• Work required:
Everything from the line with "Audi A4 2011" to the final line of the entries is to be set down exactly, except the pictures.
%%
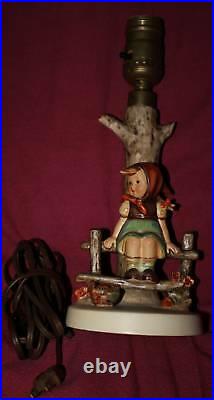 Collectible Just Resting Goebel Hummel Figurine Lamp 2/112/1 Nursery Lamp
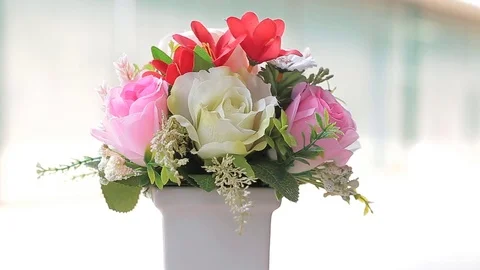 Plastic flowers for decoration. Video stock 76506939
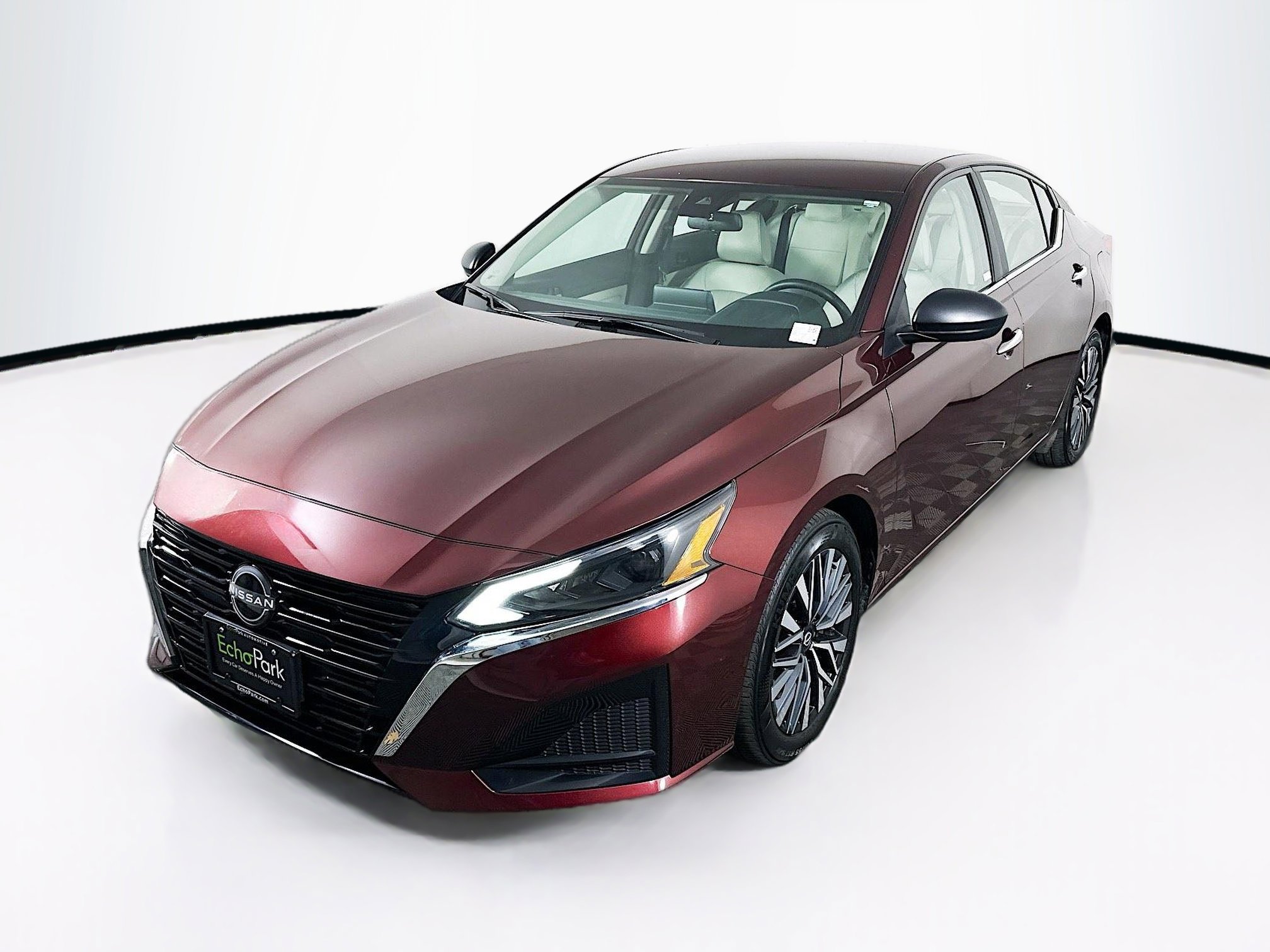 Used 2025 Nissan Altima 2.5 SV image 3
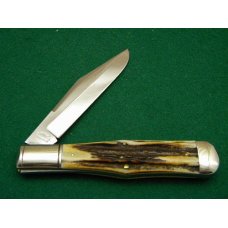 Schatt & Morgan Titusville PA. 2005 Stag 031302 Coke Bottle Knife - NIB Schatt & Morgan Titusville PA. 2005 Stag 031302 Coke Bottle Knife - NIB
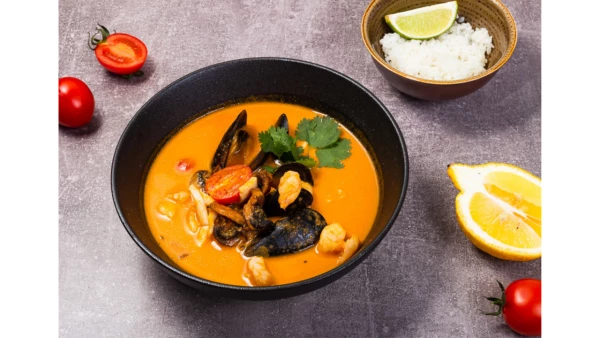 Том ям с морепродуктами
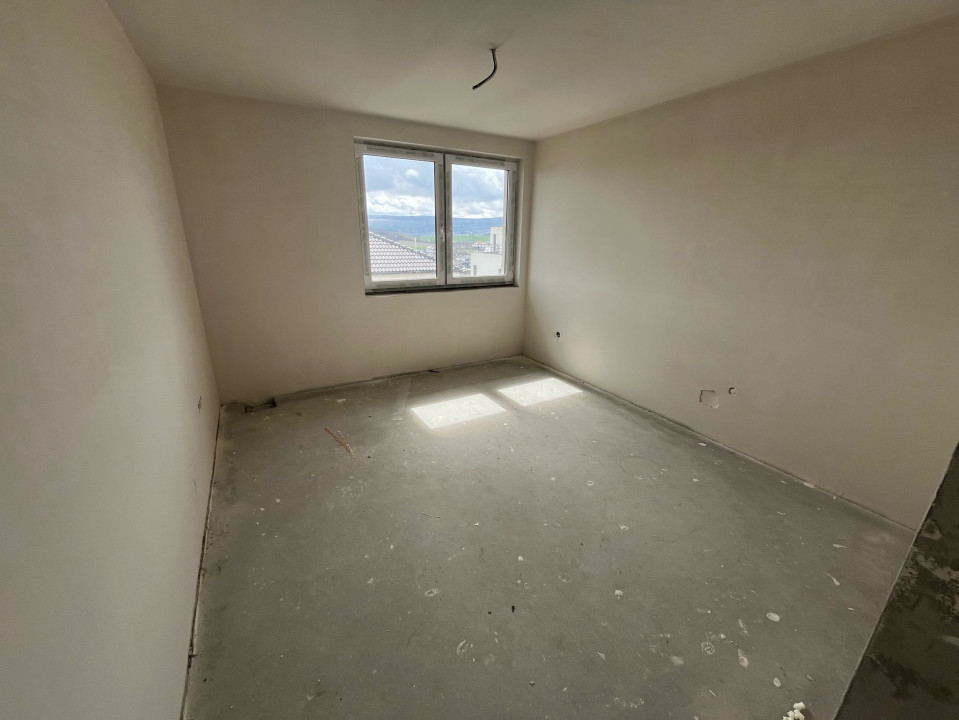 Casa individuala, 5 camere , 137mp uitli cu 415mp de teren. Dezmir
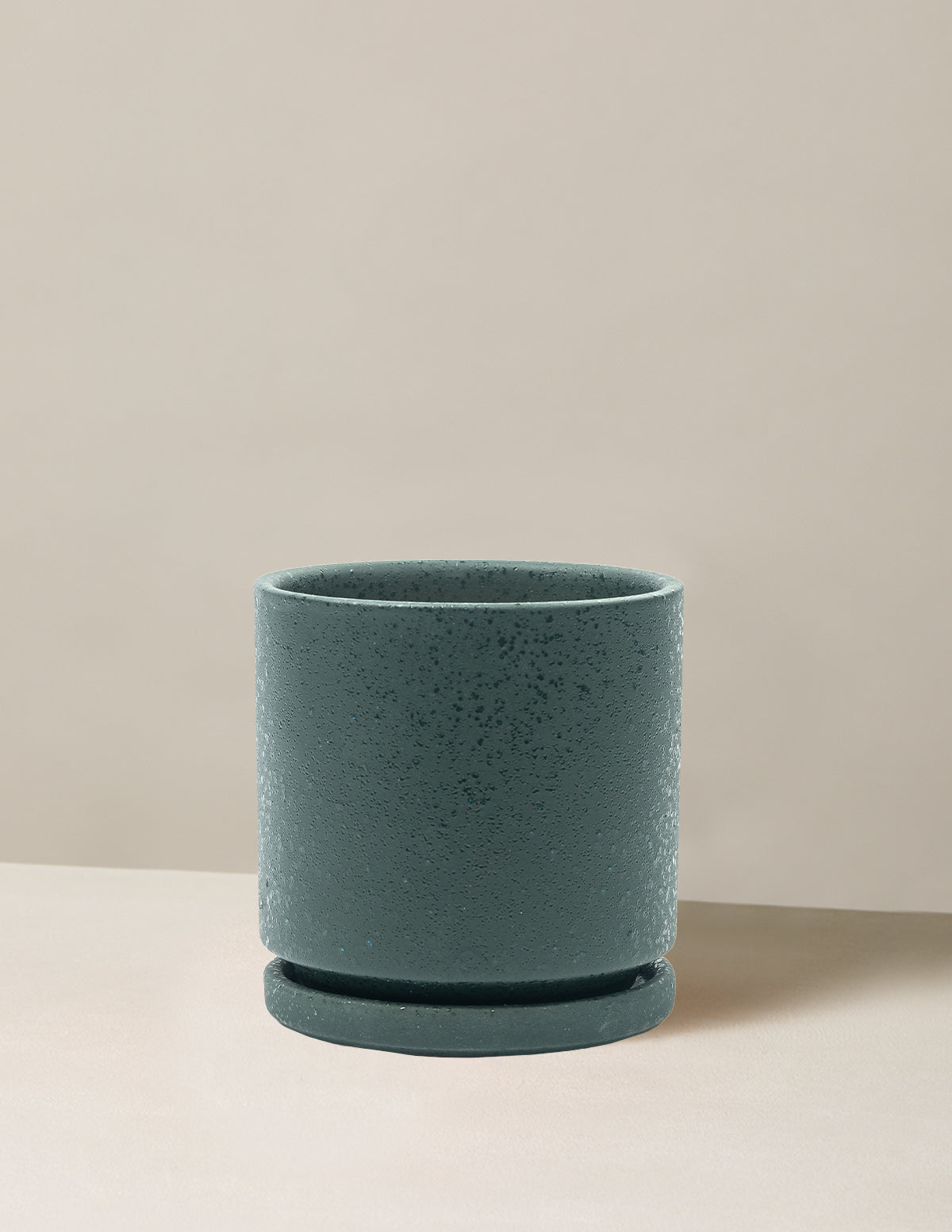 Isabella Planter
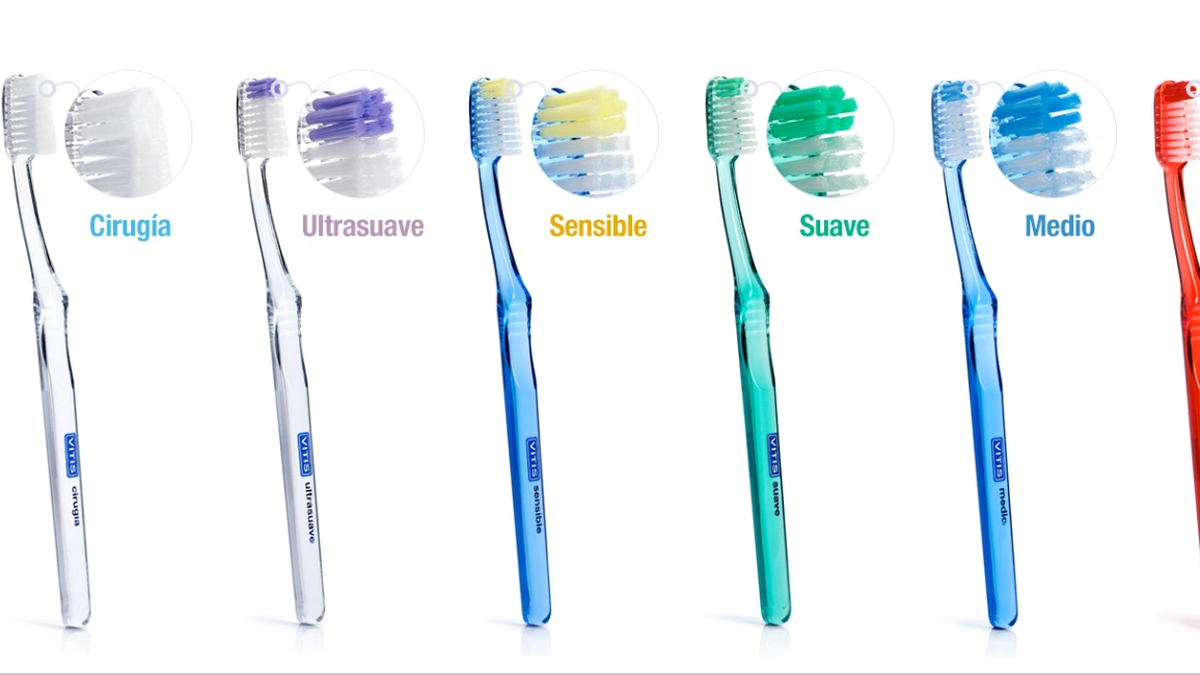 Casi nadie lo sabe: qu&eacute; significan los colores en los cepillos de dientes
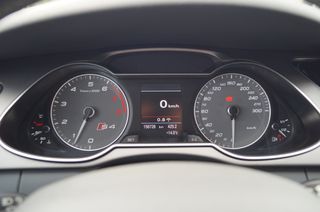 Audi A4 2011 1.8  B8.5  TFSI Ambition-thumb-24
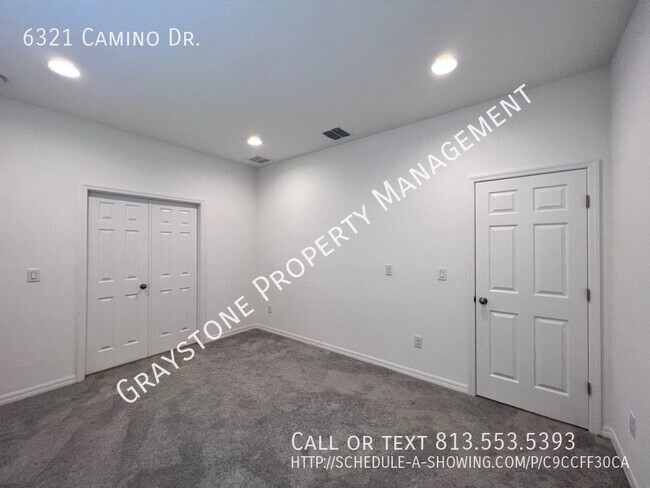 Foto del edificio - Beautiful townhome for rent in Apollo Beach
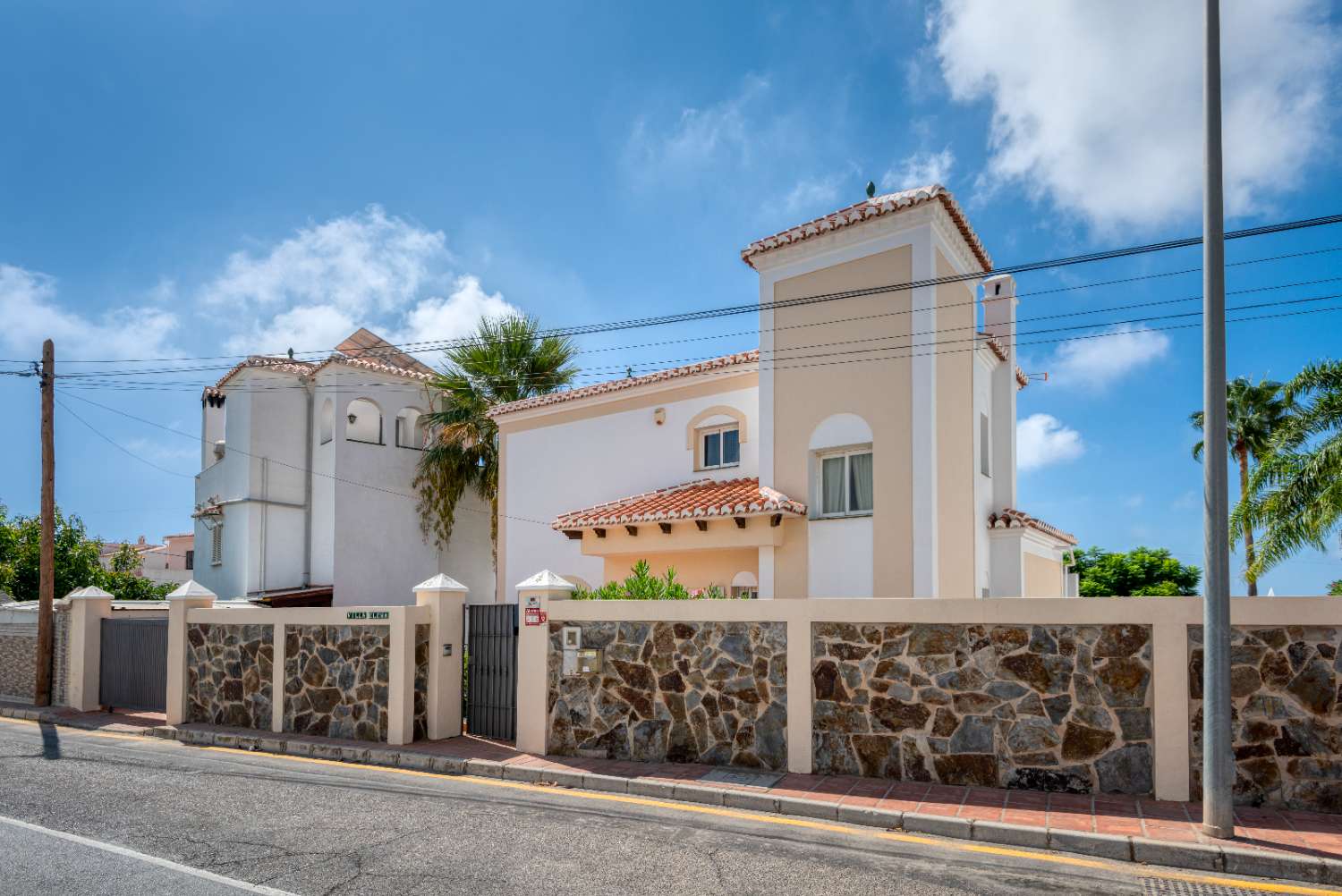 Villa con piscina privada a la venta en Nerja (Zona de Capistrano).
%%
• The answer:
 Audi A4 2011 1.8  B8.5  TFSI Ambition-thumb-24
 Foto del edificio - Beautiful townhome for rent in Apollo Beach
 Villa con piscina privada a la venta en Nerja (Zona de Capistrano).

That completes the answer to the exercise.